Make sure you have the fig_output/
folder in your working directory.
my_plot <- ggplot(percent_items, aes(x = village, y = percent)) +
geom_bar(stat = "identity", position = "dodge") +
facet_wrap(~ items) +
labs(title = "Percent of respondents in each village \n who owned each item",
x = "Village",
y = "Percent of Respondents") +
theme_bw() +
theme(axis.text.x = element_text(colour = "grey20", size = 12, angle = 45, hjust = 0.5, vjust = 0.5),
axis.text.y = element_text(colour = "grey20", size = 12),
text = element_text(size = 16),
plot.title = element_text(hjust = 0.5))
ggsave("fig_output/name_of_file.png", my_plot, width = 15, height = 10)
Note: The parameters width
and height
also determine the font size in the saved plot.
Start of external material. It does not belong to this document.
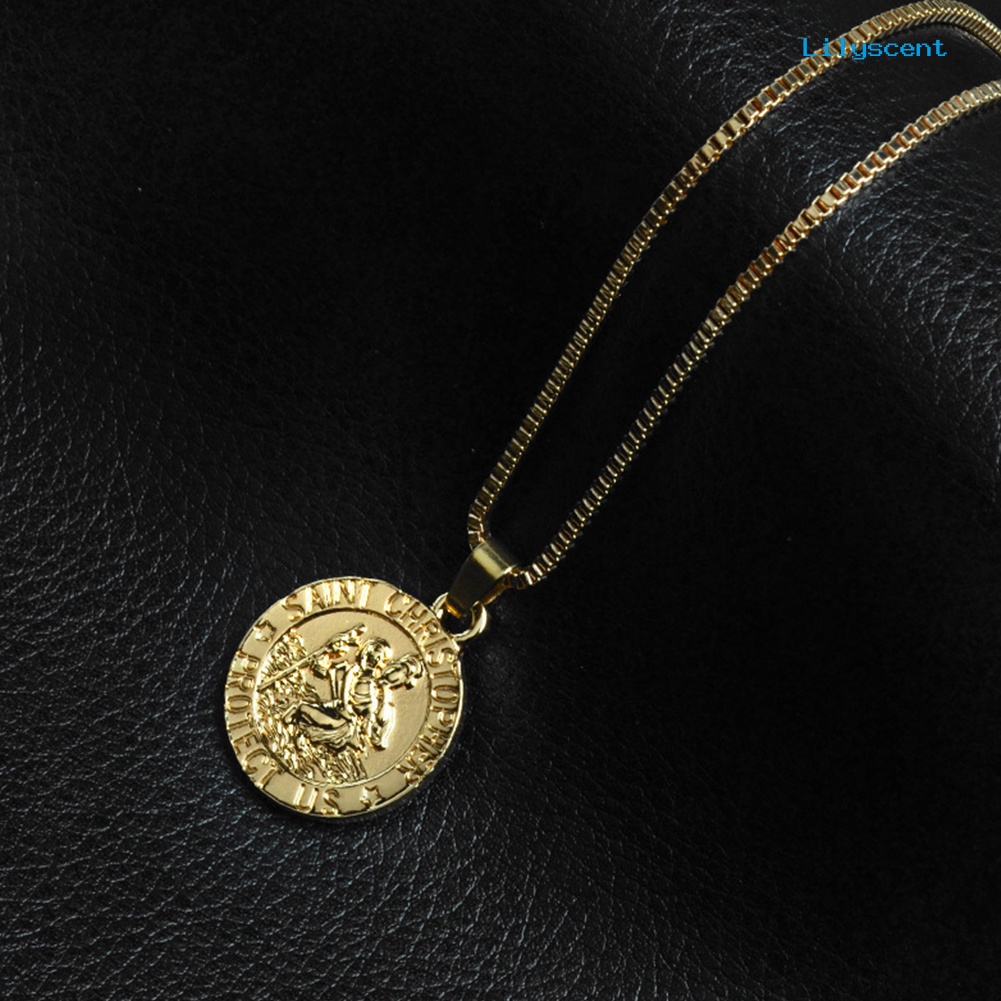 Kalung Jimat Dengan Liontin Tulisan Saint Christopher Protect Us Untuk Unisex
Save, commit and push your changes as always!! You should now have a complete record of the workflow from this lesson, which you can go back to at any time.
Key Points
ggplot2
is a flexible and useful tool for creating plots in R.The data set and coordinate system can be defined using the
ggplot
function.Additional layers, including geoms, are added using the
+
operator.Boxplots are useful for visualizing the distribution of a continuous variable.
Barplot are useful for visualizing categorical data.
Faceting allows you to generate multiple plots based on a categorical variable.